The entrepreneur discusses the challenge of scaling an artisanal business and using an alternative way to reach international markets

The Business Owner: Harriet Hastings, Biscuiteers

Name: Harriet Hastings
Company: Biscuiteers
Founders: Harriet Hastings and Stevie Congdon
Location: London
Proposition: Why send flowers when you can send biscuits?

How is your business different from what’s already out there?

When we launched our business we were the first business of its kind. No one else was gifting hand-iced biscuits in this way. As the sector and the market has grown, I think what now defines us is the quality of our packaging and our designs.

How did you finance your business?

Initially, and luckily, my husband has a catering and events company which is called Lettice. As a result of that he had an industrial kitchen, so we sort of incubated biscuiteers out of his company.

What is the most important thing to keep track of in business and why?

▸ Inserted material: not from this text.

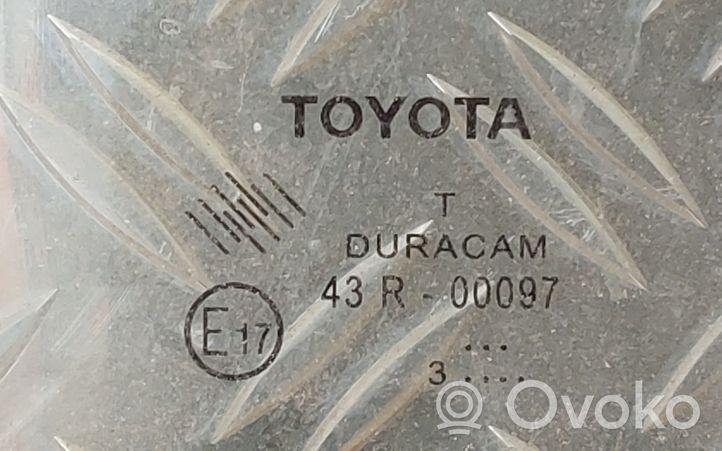 Toyota Corolla E160 E170 Szyba drzwi tylnych 43R00097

Cashflow. I think most people would say cash, it tends to be the thing that kills small businesses. I would say, because I look after that aspect of the business, the most important thing to making a business successful is the marketing.

What is the biggest day-to-day challenge you face?

We are an artisanal business. This means that one of the big and interesting things we’re doing right now is learning how to scale what is basically a completely handmade production line. Just to get the volume that we need has been really interesting, we’ve literally had to create our own processes and equipment, because really nothing existed like this.

What marketing techniques do you use to attract new customers?

An increasingly wide range, when we started we relied quite heavily on traditional media and PR because that’s a very cost effective way to reach customers.

But as we’ve got bigger we are relying more heavily on digital marketing techniques to reach customers as well.

Do you think it’s important for small businesses to export, any tips?

I think exporting is a great opportunity for a lot of businesses, however I also think there are a lot of different ways to reach international markets and they’re not always around export. In our case we are approaching it in a slightly different way and looking at international licensing.

What’s the business app you couldn’t do without?

I think Microsoft 365 is absolutely brilliant because it just means that everybody in the team can collaborate through email and documents, and everyone can work flexibly.

Describe your company’s culture in three words:

It’s hugely creative, it’s genuinely entrepreneurial in the sense that one of the great things about running a small business is that you have the capacity to give people the ability to explore their ideas and run with them in a way that in some large businesses may not be possible. And finally, it’s pretty frenetic – the speed at which things happen is pretty fast.

What would you like the government to do for small business?

Sort out business rates – we have been opening shops recently in London and the business rates are absolutely punitive.

Who’s your biggest small and medium enterprise hero?

Chrissie Rudders, The White Company. It’s a retail business like mine, with an incredibly good concept and has been really well executed.

Where do you want the business to be in three years?

Well, bigger. We’re definitely running the business for growth. We’re building out the multi-channel concept through shops and I think in three years we would expect to have more outlets and possibly slightly different formats. We’re also considering international licensing.

What’s your top tip for keeping it lean and making profit?

I think that it’s really about scrutinising spend to some degree. It’s amazing how creative you can be with quite a small budget, and I think one of the things that happens to large businesses is that they lose sight of the ability to do that. I’m always really looking constantly into how to get more value out of the things that we’re doing – particularly in marketing.

Marketing is one of our biggest areas of expenditure, also one of the most flexible, we’re really looking at what we can do without spending money – and it’s amazing what you can do if you come at it from that sort of angle.